Speakers

Gary Gerstle

Paul Mellon Professor of American History Emeritus, University of Cambridge; Fellow, Harvard-Radcliffe Institute

Portrait of Gary Gerstle

Bio

Gary Gerstle is Paul Mellon Professor of American History Emeritus and Director of Research in American History at the University of Cambridge. Gerstle received his BA from Brown University and his MA and PhD from Harvard University. He is the author, editor, and coeditor of more than ten books. He is currently the Joy Foundation Fellow at the Harvard-Radcliffe Institute, Harvard University, where he is working on a new book, Politics in Our Time: Authoritarian Peril and Democratic Hope in the Twenty-First Century. He now resides in Cambridge, Massachusetts. He is a Fellow of the British Academy and a Member of the American Academy of Arts and Sciences.

Gerstle’s earliest interests lay in the history of labor and political economy. In 1989 he published both Working-Class Americanism: The Politics of Labor in a Textile City and a co-edited book, The Rise and Fall of the New Deal Order, 1930-1980. His exploration of questions of immigration, race, and nationality culminated in the 2001 publication of the prizewinning American Crucible: Race and Nation in the Twentieth Century, reissued with a new chapter on ‘Race and Nation in the Age of Obama’ in 2017. To answer questions about the American state that had long confounded him, Gerstle undertook a ten-year project that produced his most sweeping study, the prizewinning Liberty and Coercion: Paradoxes of American Government from the Founding to the Present (2015).

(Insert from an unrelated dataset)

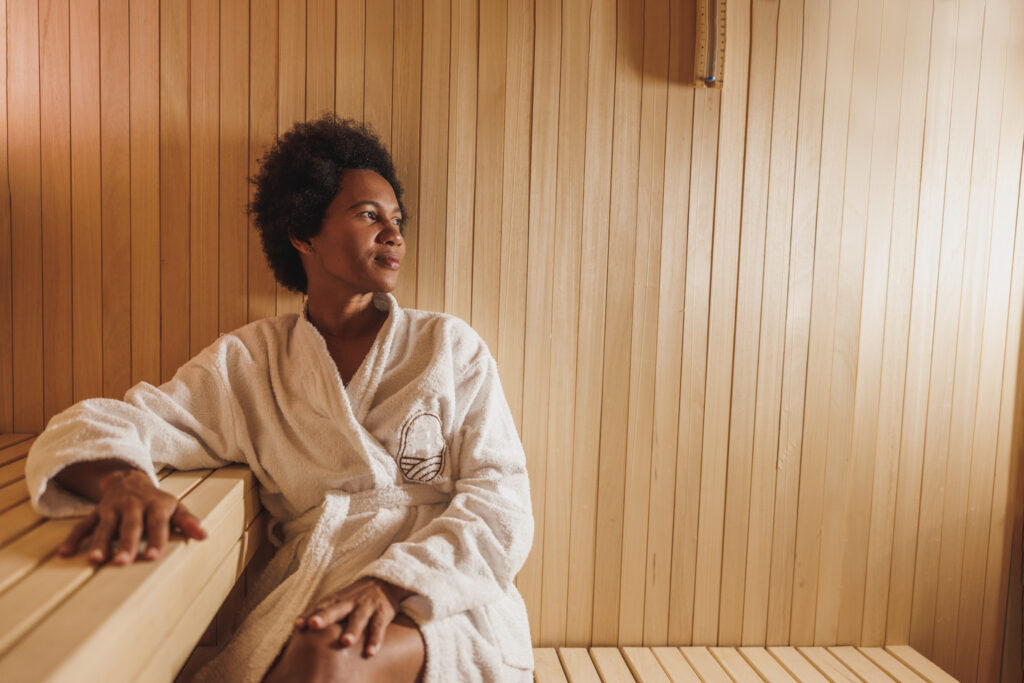 Black Woman Enjoying In Sauna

To make sense of the Brexit and Trump earthquakes of 2016, Gerstle returned to insights gained from his earliest work on the connections between economics and politics. The result was The Rise and Fall of the Neoliberal Order: America and the World in the Free Market Era (2022). The book has been translated into multiple languages, made ‘Best Books’ lists in the US, UK, the Netherlands, and India, and was shortlisted for the 2022 Financial Times Best Business Book of the Year. An adapted excerpt from the book, incorporating new material on Trump 2.0, has just been published by Deseret News.

Gerstle has written for the Guardian, the New Statesman, the New York Review of Books, the Atlantic, Dissent, the Nation, Unherd, Project Syndicate, and Die Zeit, among others. He has designed and narrated a four-part series on American democracy for BBC World Service. He has participated in scores of podcasts, most ambitiously with David Runciman and Helen Thompson at Talking Politics and, most recently, with David Runciman at Past, Present, Future.

He and Noam Maggor thank the Hewlett Foundation for the resources that have made this Beyond Neoliberalism conference possible.